As a single person, I certainly value the fact that I only have to think about myself, and if something happens to me, no one relies on my income to survive. So I just have to make sure that I won’t be a burden for anyone if I were to get sick or permanently disabled, and other than this I’m pretty much set. Things would be much different if I had a family. As my friends are starting to get married and have kids, one of their main concerns if to make sure that everyone will be fine if they aren’t around anymore, or unable to take care of their loved ones. But for young adults, it is sometimes a bit complicated to make sure you are getting the right kind of insurance, and the right level of it. Which is why Drewberry has put together a neat Family Insurance Tool that will help you figure out which is the best insurance package for your family.

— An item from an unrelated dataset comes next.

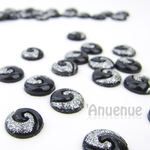 スパイラル ラウンドカボション12mm 【SILVER】 10個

It starts with a few questions about your family and your lifestyle.
So I filled it up pretending that my partner and I had a mortgage, a 3 year old to take care of, and that my company would provide 3 months of sick pay if I was unable to work. It seemed pretty standard, although as a self employed person I can only count on my own savings to cover the bills for me.

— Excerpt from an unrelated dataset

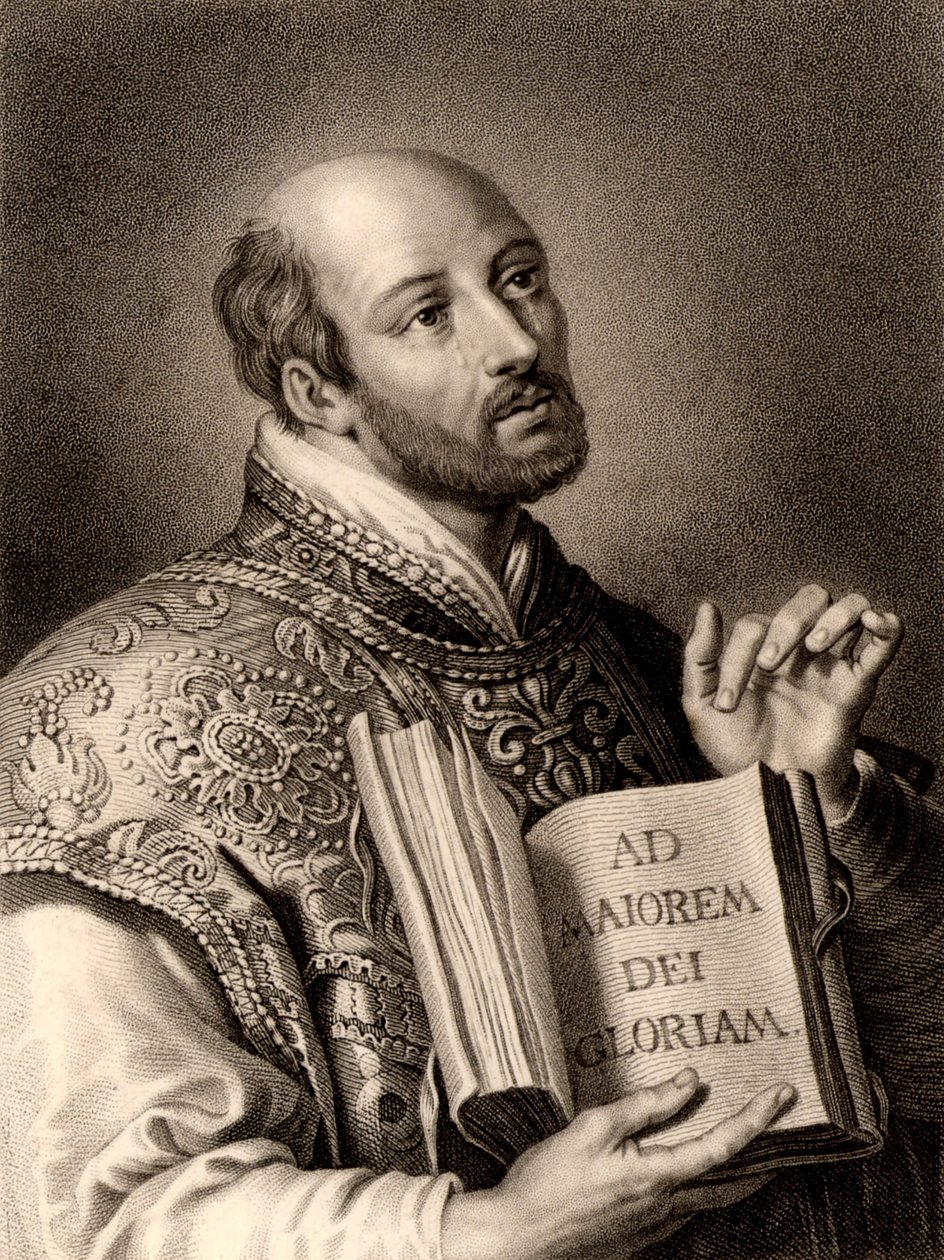 Portrét Ignáce Loyoly od Charles Knight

Which is another question the Family Insurance Tool asks you: How many months could you keep up with your bills using savings? We have talked a lot around here about the importance of savings and how they can buy you freedom, well, they can also buy you lower insurance premiums if you need less replacement income in case of sickness or disability.
Anyway, on to the results. Drewberry split them into three categories: protecting your income, your home, and your kids. Sounds like it pretty much sums it up for the example I inputted.
The income protection part teaches me that only 50% of employers provide 3 months of sick pay and as a 30-something, I have a 47% chance of being unable to work for over 2 months for the rest of my working life.
Well, as a woman, if pregnancy is included, that seems reasonable. I’d rather see the probability of not being able to work for 9 months or more, since I told the software I had 6 months reserves and 3 months sick pay.
Then I am offered income protection to cover my bills, with a reminder that most insurance companies will only cover 50% to 70% of your income, while you can set a 6 or 12 months deferred period to reduce your premiums.
On the home protection advice, I learn that I have an 8.5% chance of dying before retirement.
Again, not much of a scare so far as no one depends on me to pay the rent, but it would be sad to have saved so much just to have the bank repossess my place. The program recommends I protect my partner so he is not left alone paying for too big a mortgage if I pass. As the amount owed on the mortgage decreases each year, they recommend I take a decreasing life insurance to keep premiums low when there is less to repay. Makes sense.
Finally, we move on to family protection. I am glad to learn that I only have a 2.5% chance of dying before my imaginary 3 year old turns 21. But I would still want to protect him/her against those odds, and they happen to offer a policy that will protect Junior until he/she is self sufficient. They suggest 18 years, with the length of studies getting longer I’d say until age 25 probably. Then it all goes backwards, as if there were a Junior around, I wouldn’t want him/her to have to move to a smaller house, a worse school, be uprooted from friends, etc. just because the surviving partner couldn’t pay the mortgage.
So as a worried parent, I’d go back to the protecting my house and income sections. Otherwise as a single person with savings, I’d keep going with the bare minimum to make sure I am not a weight for anyone in case of disability.
What I like about this tool is that it makes you think about some areas you may not have thought about. Then, if you want to have a look at pricing and policies, you get the option to talk to one of their experts or complete an online quotation form, so you can have an idea of how big an impact insuring all those areas could have on your monthly budget.